More than fifty thousand fishing vessels had installed the terminal unit of Beidou satellite positing system. After these fishing services carrying out for nine years, the system have recorded billions historical cruising data for each vessel, including the time, position, speed, direction, rate of turn, etc. These data can be analyzed deeply by big data mining technology.

2 Materials and Methods

2.1 Data Sources

BeiDou Vessel Monitoring System Data comes from BeiDou data service center which mainly includes ship-card number, latitude, longitude and time. The vessel position information of latitude and longitude has a temporal resolution of 3 min and a spatial resolution of 10 m. Data are managed by SQL Server, because of its superior performance in spatial data’s management and analysis. The spatial relationships between geometry instances can be determined and the vessel position can be saved with geometry data type.

Fishing types, vessel powers, vessel names and other information are mainly from official materials which are published by Marine Fisheries Service of every province. By matching official data with BeiDou Vessel Monitoring System Data, the types of 3333 vessels are determined. Most of them are trawling and gill-netting. There are 2212 trawlers, accounting for 66 % of the total. In this paper, it is focus on trawler.

2.2 Methods

Every point position of trawlers includes speed, course, time and other information. With that information, the state of trawlers can be determined. Whether the state is fishing or not can be judged by Formula (1). When the speed and course are in the range of threshold value, the trawler is in the state of fishing.

$$ P = F(v,d)\;V_{\hbox{min} } \le v \le V_{\hbox{max} } \;D_{\hbox{min} } \le d \le M_{\hbox{max} } $$

(1)

In Formula (1), V_min and V_max are the threshold range of speed. D_min and D_max are the threshold range of course deviation for fishing states.
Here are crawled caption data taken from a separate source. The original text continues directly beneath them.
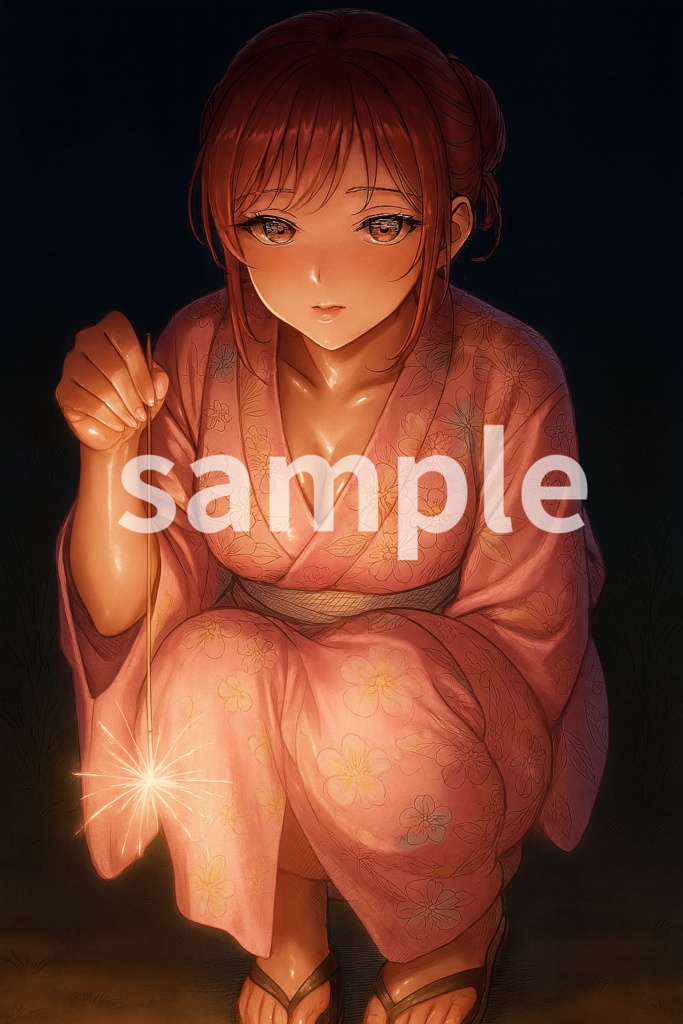 線香花火と浴衣の女性 - 夏夜の幻想美 Vol.001-桃（デジタルアート PNG）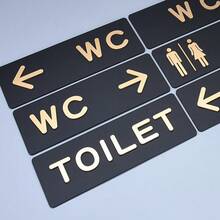 24*9cm/3.1*9.4in Tanda Dinding Akrilik Indikator Kamar Mandi, Panduan Arah Panah Kiri/Kanan, Cocok Untuk Toilet Umum, Kamar Mandi Hotel, Perekat Mandiri, Desain Minimalis, Tahan Lama - TOILET - View 4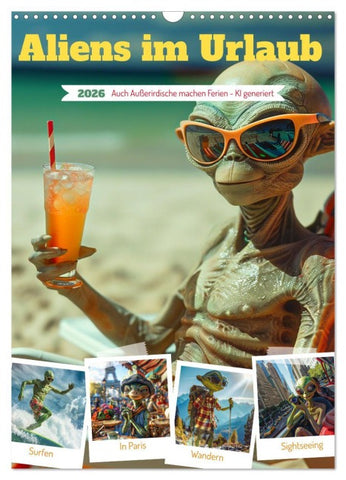 Aliens im Urlaub (Wandkalender 2026 DIN A3 hoch), CALVENDO Monatskalender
There may be many trawlers in one fishing grid. One trawler in fishing is divided into many nets. In general, a net lasts a few hours. When a net is over, the next net will get under way after some interval of time. Every net is composed of several discrete point of vessel position. Hence, Formula (2) can be used to calculate the cumulative fishing as kW•h in one grid.

$$ Z_{i} = \sum\limits_{i = 0}^{p} {\sum\limits_{j = 0}^{m} {\sum\limits_{k = 1}^{n} {(P_{i,j,k} - P_{i,j,k - 1} )*} W} } $$

(2)

In Formula (2), Z_i is the cumulative fishing effort of one fishing grid, in unit of kW•h. P_i,j,k and P_i,j,k-1 are the time of adjacent two position points of one trawler. The difference between P_i,j,k and P_i,j,k-1 is the length of time, and W is the power of trawler. The first summation is the cumulative fishing for one net. The second summation is the cumulative fishing of one trawler in a period of time for several nets. The third summation is the cumulative fishing of all trawlers in one fishing grid.
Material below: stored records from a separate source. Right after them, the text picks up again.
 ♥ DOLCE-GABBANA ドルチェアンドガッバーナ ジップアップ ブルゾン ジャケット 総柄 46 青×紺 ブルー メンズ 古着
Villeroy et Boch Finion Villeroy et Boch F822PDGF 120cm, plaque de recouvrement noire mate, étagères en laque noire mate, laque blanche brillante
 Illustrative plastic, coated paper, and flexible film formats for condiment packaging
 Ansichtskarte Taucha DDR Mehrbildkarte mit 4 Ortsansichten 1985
Distance inverse weight method is used to generate the thematic map of variation tendency. As long as the positions of trawlers are intensive enough, the thematic map of trend surface can be generated by interpolation, which can assist the trend analyses of global change in resource.

$$ Z_{0} = \frac{{\sum\limits_{i = 1}^{n} {\frac{{z_{i} }}{{d_{i}^{r} }}} }}{{\sum\limits_{i = 1}^{n} {\frac{1}{{d_{i}^{r} }}} }} $$

(3)

In Formula (3), r is specified exponent. d_i is the distance between control point i and point o. With the increase of distance between forecasted points, the weight of impacts of control points on forecasted points decrease exponentially. Z_o is the estimated value of Point o. n is the number of control points used in the estimation. Z_i is the Z value of Control Point i.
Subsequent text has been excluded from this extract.